----- Recorded data -----

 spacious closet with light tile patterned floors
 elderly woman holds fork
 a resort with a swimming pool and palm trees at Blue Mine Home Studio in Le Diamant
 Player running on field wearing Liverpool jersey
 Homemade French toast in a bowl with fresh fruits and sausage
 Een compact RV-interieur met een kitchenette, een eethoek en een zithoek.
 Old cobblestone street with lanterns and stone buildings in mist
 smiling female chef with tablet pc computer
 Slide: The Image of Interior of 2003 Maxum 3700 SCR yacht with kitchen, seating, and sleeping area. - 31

-----

* Assignment: Only these are to be transcribed: the line with "a resort with" and every line after it through the last line of the entries, each exactly.

* Result for this exercise:
 a resort with a swimming pool and palm trees at Blue Mine Home Studio in Le Diamant
 Player running on field wearing Liverpool jersey
 Homemade French toast in a bowl with fresh fruits and sausage
 Een compact RV-interieur met een kitchenette, een eethoek en een zithoek.
 Old cobblestone street with lanterns and stone buildings in mist
 smiling female chef with tablet pc computer
 Slide: The Image of Interior of 2003 Maxum 3700 SCR yacht with kitchen, seating, and sleeping area. - 31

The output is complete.